Earlier, former U.S. Vice President Al Gore said the planet would be better off if people cared more about global warming and less about O.J. Simpson and Paris Hilton.

Gore, the star of the Oscar-winning film "An Inconvenient Truth," joined the head of the United Nations and California Gov. Arnold Schwarzenegger to urge quick global action to stem emissions that heat the Earth.

"TECHNOLOGICAL REVOLUTION"

But Gore drew applause when he mentioned the seeming U.S. fascination with recent well-publicized scandals.

"We have to overcome the paralysis that has prevented us from acting and focus clearly and unblinkingly on this world crisis, rather than spending time on Anna Nicole Smith and O.J. Simpson and Paris Hilton," Gore said.

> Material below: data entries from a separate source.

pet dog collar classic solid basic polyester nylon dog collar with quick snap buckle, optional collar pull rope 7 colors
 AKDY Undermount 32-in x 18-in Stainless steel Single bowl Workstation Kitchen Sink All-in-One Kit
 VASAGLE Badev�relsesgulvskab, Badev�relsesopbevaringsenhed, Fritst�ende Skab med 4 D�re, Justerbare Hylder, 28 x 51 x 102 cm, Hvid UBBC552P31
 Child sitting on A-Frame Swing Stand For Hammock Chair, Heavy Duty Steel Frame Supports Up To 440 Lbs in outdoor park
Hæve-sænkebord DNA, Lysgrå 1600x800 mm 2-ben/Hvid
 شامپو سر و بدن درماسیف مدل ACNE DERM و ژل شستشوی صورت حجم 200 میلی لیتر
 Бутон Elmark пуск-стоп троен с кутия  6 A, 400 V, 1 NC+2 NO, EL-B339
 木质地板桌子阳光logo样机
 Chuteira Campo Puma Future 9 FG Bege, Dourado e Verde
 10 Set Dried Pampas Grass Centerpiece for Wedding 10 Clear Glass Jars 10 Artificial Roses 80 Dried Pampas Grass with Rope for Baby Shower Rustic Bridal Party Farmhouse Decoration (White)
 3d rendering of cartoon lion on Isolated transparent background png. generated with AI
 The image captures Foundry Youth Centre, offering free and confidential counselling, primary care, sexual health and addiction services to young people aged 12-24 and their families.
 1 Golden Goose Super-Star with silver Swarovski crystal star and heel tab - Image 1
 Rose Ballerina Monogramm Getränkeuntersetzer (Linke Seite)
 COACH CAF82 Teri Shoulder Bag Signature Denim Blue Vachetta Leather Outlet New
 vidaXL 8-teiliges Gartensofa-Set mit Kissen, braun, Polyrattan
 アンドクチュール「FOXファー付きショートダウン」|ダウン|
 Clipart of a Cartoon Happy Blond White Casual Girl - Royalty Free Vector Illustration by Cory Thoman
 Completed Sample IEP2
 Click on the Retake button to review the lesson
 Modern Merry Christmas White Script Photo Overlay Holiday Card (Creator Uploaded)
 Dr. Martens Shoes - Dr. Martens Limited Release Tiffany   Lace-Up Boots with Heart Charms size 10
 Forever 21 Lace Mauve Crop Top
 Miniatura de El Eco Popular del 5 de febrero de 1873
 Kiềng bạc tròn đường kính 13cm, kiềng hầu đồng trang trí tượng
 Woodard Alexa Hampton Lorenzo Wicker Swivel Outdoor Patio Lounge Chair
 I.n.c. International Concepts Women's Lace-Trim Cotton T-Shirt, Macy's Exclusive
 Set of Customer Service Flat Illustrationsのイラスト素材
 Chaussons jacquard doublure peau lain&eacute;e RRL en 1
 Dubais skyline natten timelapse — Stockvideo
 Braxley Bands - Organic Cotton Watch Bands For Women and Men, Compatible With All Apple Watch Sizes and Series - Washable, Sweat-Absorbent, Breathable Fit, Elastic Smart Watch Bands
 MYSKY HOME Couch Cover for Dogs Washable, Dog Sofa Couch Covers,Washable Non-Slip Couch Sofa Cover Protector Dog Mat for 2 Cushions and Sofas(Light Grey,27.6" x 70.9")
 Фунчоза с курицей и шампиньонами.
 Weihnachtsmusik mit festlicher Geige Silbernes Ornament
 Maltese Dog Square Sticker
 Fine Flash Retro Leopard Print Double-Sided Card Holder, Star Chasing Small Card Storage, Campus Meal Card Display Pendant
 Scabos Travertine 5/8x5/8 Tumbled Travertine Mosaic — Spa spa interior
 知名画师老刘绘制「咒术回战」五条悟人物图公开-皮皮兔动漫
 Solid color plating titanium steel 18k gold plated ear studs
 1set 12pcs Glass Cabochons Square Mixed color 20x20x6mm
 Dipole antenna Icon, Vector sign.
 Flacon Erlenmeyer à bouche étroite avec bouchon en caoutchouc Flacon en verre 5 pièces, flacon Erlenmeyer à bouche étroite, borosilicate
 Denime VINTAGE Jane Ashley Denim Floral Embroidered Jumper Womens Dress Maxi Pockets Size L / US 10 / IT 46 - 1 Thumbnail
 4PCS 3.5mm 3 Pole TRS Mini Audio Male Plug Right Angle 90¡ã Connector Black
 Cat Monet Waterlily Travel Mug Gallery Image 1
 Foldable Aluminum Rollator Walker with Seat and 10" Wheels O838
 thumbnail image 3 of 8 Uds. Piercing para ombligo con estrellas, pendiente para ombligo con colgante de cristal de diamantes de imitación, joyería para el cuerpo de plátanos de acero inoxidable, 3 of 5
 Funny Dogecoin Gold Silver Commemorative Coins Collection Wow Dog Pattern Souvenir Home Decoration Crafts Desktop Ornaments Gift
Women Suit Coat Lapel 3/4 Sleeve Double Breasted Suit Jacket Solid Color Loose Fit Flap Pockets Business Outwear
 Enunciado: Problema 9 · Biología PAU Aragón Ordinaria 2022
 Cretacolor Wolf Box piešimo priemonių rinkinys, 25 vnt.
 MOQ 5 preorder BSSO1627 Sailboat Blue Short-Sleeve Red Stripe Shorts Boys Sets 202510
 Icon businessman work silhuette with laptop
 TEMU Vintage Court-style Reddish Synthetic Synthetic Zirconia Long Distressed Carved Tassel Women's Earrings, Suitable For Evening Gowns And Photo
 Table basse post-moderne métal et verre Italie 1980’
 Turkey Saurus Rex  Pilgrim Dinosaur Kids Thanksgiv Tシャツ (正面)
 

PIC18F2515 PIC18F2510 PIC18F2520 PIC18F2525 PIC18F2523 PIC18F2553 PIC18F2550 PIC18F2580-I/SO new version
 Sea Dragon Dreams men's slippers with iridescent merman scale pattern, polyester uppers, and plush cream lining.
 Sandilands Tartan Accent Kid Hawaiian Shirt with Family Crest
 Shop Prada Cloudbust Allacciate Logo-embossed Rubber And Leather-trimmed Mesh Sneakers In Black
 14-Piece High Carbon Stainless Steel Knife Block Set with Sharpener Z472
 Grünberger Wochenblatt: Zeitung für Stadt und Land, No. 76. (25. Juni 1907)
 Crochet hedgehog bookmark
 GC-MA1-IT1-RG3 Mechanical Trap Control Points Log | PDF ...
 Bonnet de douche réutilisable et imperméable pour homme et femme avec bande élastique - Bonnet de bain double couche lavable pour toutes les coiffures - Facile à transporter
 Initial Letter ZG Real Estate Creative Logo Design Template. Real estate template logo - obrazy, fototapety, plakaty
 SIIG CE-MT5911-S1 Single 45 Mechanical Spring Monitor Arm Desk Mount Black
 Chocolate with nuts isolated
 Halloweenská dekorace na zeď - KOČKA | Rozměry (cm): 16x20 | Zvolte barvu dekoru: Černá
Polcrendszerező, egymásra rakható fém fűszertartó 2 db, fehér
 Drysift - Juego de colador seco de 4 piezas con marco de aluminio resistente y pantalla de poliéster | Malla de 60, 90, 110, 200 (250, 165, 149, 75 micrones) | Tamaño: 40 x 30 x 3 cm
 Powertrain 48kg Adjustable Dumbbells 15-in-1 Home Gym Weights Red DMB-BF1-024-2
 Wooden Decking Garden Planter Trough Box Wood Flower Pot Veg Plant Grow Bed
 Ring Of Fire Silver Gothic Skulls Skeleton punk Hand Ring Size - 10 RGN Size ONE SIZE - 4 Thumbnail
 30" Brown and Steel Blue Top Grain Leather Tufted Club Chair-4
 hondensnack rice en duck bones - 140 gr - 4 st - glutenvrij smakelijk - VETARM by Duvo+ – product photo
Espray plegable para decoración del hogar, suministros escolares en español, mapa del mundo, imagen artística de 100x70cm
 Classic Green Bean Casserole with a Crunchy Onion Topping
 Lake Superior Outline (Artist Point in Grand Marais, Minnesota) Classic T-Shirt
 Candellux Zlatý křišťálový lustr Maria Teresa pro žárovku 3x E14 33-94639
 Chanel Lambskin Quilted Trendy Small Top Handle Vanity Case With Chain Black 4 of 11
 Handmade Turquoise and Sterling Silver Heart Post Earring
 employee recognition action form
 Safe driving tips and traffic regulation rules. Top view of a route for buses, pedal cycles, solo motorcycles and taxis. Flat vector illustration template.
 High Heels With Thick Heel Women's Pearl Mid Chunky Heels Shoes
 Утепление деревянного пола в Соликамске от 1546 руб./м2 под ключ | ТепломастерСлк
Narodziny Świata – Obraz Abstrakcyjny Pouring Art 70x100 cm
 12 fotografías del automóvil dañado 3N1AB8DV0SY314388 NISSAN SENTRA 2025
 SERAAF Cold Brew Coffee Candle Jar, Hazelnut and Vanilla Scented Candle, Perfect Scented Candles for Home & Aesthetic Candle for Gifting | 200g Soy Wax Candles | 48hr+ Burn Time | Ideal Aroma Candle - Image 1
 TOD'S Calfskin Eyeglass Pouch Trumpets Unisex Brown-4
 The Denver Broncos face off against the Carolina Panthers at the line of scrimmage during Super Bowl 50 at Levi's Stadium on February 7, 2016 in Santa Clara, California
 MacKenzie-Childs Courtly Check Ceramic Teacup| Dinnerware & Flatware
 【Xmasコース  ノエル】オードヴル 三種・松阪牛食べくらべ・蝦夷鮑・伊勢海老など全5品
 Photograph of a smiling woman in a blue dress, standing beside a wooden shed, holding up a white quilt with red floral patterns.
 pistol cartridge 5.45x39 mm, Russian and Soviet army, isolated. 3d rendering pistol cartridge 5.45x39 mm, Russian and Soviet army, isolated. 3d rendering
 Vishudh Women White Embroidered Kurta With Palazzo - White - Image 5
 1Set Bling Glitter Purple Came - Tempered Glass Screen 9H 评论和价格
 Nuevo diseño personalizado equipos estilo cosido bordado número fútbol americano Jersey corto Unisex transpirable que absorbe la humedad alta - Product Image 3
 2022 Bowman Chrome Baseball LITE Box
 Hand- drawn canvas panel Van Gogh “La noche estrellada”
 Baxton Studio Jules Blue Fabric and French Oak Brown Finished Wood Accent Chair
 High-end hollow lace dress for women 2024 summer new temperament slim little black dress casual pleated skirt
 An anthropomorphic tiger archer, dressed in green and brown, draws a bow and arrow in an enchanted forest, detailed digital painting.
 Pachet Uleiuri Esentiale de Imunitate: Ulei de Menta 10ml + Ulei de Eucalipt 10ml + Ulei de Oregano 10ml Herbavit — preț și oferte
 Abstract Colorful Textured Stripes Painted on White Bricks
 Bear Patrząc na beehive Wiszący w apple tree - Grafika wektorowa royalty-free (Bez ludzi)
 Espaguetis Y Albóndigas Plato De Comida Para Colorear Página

The session was meant to gather momentum for the meeting in Bali.

U.S. Secretary of State Condoleezza Rice represented the United States at the climate meeting, urging a technology revolution to combat global warming.

"Put simply, the world needs a technological revolution," Rice said. "Existing energy technologies alone will not meet the global demand for energy while also reducing emissions to necessary levels."

Lo Sze Ping of the environmental group Greenpeace China sounded a similar note but took aim at inertia by some rich countries on setting targets for curbing greenhouse gases.

China's national climate change program commits China -- considered in at least one study to be the world's biggest emitter of climate-warming pollution -- to binding targets for renewable energy and energy efficiency, Lo said.

These targets, Lo said, are "stronger and more ambitious than in certain industrialized countries."

European Commission President Jose Manuel Barroso, representing countries that emit 15 percent of the world's climate-warming carbon dioxide, told Reuters: "We can succeed only if we have the United States with us."

Bush has rejected the Kyoto Protocol, which requires 36 industrial nations to cut greenhouse emissions by at least 5 percent from 1990 levels by 2012, when it expires.

He contends the accord unfairly burdens rich countries while exempting developing countries like China and India and that it will cost U.S. jobs.